Die europäischen Häfen machen Front gegen immer größere Containerschiffe und wollen dazu den Hebel des Kartellrechts nutzen. Größere Schiffe erfordern hohe zusätzliche Investitionen in die Infrastruktur der Häfen: Wendekreise, Kaimauern und tiefe und breite Fahrrinnen.
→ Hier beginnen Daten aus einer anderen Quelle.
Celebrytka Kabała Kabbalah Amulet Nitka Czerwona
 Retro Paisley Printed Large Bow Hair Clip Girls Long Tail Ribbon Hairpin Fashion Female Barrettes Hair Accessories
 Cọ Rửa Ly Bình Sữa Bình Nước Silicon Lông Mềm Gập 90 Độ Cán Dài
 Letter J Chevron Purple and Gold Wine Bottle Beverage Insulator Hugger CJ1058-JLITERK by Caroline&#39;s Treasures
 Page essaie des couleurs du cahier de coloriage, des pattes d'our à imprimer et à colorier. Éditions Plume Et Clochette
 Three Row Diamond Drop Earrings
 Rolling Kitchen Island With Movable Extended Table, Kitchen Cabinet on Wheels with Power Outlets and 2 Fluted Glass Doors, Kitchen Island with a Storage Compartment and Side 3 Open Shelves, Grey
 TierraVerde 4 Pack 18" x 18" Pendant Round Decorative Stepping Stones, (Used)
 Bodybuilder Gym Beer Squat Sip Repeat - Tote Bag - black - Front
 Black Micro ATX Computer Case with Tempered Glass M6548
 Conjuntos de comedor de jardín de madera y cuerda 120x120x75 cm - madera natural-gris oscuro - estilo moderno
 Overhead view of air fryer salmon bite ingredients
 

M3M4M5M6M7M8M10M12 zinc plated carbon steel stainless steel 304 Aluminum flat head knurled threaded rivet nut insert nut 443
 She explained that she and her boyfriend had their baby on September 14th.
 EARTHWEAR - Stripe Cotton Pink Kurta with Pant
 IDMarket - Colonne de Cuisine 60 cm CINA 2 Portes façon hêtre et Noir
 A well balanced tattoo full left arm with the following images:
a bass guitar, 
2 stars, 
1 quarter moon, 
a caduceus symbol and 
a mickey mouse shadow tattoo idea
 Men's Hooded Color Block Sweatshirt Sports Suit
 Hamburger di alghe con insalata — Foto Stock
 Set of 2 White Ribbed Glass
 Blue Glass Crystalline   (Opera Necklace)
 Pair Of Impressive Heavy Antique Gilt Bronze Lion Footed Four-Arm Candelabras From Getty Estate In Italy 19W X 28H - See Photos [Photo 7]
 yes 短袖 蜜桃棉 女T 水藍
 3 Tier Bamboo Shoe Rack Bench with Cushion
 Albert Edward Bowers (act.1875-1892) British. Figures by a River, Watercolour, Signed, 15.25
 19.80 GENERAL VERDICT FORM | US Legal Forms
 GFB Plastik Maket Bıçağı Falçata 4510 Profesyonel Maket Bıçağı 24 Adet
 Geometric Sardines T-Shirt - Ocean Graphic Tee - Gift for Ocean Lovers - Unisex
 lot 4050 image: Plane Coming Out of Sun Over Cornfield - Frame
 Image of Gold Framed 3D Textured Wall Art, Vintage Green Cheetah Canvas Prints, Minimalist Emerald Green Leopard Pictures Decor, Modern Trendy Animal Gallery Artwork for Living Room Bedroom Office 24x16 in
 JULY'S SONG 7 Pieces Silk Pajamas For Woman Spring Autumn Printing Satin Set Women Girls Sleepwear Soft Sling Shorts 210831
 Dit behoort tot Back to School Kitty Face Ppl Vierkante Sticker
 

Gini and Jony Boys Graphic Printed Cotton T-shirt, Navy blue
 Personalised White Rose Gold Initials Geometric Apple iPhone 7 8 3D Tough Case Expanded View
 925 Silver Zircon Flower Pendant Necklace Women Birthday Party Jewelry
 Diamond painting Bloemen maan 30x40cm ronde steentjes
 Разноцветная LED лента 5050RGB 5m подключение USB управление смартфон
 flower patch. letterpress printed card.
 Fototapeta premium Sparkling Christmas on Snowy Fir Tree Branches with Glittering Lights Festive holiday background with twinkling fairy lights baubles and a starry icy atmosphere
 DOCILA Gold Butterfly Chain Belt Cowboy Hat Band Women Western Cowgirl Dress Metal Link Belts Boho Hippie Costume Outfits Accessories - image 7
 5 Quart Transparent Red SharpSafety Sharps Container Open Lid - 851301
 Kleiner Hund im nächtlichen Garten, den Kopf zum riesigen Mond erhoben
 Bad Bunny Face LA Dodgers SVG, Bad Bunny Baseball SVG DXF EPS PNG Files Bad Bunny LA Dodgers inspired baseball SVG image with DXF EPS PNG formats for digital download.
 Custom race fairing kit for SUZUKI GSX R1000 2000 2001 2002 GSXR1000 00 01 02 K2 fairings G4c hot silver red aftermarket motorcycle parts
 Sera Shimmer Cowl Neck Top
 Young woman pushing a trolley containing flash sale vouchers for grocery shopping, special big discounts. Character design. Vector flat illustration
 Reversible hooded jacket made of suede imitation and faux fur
Gegenwärtig sind die größten Containerschiffe rund 400 Meter lang und mehr als 60 Meter breit bei einem Tiefgang von bis zu 16,50 Metern. Sie können bis zu 23 000 Standardcontainer (TEU) transportieren. Dabei soll es aus Sicht der Hafenbetriebe auch bleiben. Die Häfen befürchten jedoch, dass Reeder und Werften eine neue Schiffsgeneration planen, mit 460 Meter langen und 68 Meter breiten Riesenschiffen und einer Kapazität von 30 000 TEU.
Verhindern könne das die EU über das Kartellrecht. Die großen globalen Reedereien sind in drei Allianzen organisiert, um ihre Fahrpläne zu koordinieren und ihre Kapazitäten effektiv einsetzen zu können. Dafür benötigen sie besondere Genehmigungen der wesentlichen Kartellbehörden in den USA, Europa und China. Die gegenwärtige Genehmigung der EU laufe im kommenden März aus.
Die Betreiber von rund 400 Hafenterminals in Europa stellen in diesem Zusammenhang mehrere Forderungen an die EU. Eine der wichtigsten: Es darf künftig kein Schiff mehr die europäischen Häfen anlaufen, das größer ist als die bislang fahrende Flotte. Also ein Stoppsignal für die Reedereien und Werften, das gegenwärtige Wettrüsten um immer größere Schiffe fortzusetzen.
Die europäischen Häfen wollen die Forderung an die neue Kommission unter der Führung von Ursula von der Leyen herantragen, die im November ihre Arbeit aufnimmt und ebenso an die EU-Mitgliedstaaten und das Europäische Parlament. (dpa)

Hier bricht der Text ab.